Tweak:
Refers to the amount of weight placed on the Left Rear and Right Front tires by
adjusting the collars on the side shocks. Threading the collars IN on the right side shock
and OUT on the left side shock will place more weight on the Left Rear tire and on the
Right Front tire and will make the car push. Threading the collars OUT on the right side
shock and IN on the left side shock will place more weight on the Right Rear tire and
Left Front tire and will make the car loose. Generally the car is always set-up so that it is
“tweaked” so that the Left Rear is heavier than the Right Rear. You can check to see
how much weight is on each rear tire by using a hobby knife to pick up the rear of the
car under the center of the rear pod. The Right Rear should come off the ground about
1/8" inch before the Left Rear does. The higher the Right Rear comes off the ground
before the Left Rear does, the more tweak and more weight that is on the Left Rear.
Ride Height:
Check by pushing the chassis down once or twice to simulate bumps on
the track. Having the front end
higher
than the front will make the car increase rear
traction especially out of the turn. Having the front end
lower
than the rear end will make
the car increase front traction especially entering the turn. Generally a safe place to start
is with all corners of the car even with 1/4" ride height under the chassis. Since these
cars sit so close to the ground even 1/16" difference is drastic.
Battery Placement:
Since the battery is the single heaviest component in the car its
placement is critical. Moving the battery further to the left will make the car turn more
thru the center of the turn and coming off but will decrease forward bite. Placing the
battery closer to the center of the car will work better on low bite tracks and increase
forward bite.
Wheelbase:
Wheelbase is the distance between the front and rear axles. Mounting the
entire front end assembly in the forward position (10 3/8") will make the car more stable
on long fast tracks with flowing turns or tracks with low bite compared to the power used.
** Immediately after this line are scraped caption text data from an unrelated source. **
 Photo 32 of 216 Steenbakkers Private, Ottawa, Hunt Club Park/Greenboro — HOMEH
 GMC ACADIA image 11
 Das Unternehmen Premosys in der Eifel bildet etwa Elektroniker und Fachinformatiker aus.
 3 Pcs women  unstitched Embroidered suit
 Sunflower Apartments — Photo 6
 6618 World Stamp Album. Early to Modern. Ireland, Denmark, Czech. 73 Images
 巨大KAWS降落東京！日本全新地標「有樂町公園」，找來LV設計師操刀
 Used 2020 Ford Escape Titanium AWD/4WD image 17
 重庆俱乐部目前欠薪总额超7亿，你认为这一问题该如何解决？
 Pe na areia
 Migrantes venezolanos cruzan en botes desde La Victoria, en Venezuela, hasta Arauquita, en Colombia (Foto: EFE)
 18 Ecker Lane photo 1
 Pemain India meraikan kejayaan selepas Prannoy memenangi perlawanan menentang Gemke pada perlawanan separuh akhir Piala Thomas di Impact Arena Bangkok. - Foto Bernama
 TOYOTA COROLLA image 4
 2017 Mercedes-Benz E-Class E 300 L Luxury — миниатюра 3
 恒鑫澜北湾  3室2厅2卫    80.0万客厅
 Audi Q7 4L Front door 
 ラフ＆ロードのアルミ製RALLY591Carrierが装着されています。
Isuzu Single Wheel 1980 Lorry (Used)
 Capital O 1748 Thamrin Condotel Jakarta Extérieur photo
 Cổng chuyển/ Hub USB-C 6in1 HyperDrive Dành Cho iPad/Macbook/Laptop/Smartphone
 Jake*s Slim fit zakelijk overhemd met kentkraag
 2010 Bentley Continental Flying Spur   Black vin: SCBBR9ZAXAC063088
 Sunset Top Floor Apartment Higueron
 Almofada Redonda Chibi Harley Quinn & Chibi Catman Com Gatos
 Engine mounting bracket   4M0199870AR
Running the entire front assembly in the rear most position (9 5/8") will make the car
more suitable for short tracks where you are constantly turning. Using the middle
position (10") is a happy-medium of both set-ups described.
Long Pod:
Unique to this car is the option to increase the length of the rear pod and
keep the wheelbase and body mount positions the same. Increasing the pod length
(distance from axle to t-bar) makes the center shock and t-plate effectively a lot softer
and best for severely bumpy conditions and flat tracks.
Front Track Width:
This can be viewed as the distance between the two front tires but
more accurately it is the distance from the center of the car to the individual tire. For
example moving the Right Front tire closer to the center of the car will increase the
amount of weight transferred to the tire when cornering, best used when the car is
extremely tight. Moving the Right Front away from the center of the car will decrease the
amount of weight transferred to the tire when cornering, best used when the car is
extremely loose or over aggressive to drive. Since the majority of the cars cornering
ability is done thru the Right Front tire, moving the location of the Left Front tire will not
be near as drastic but will help fine tune your set-up.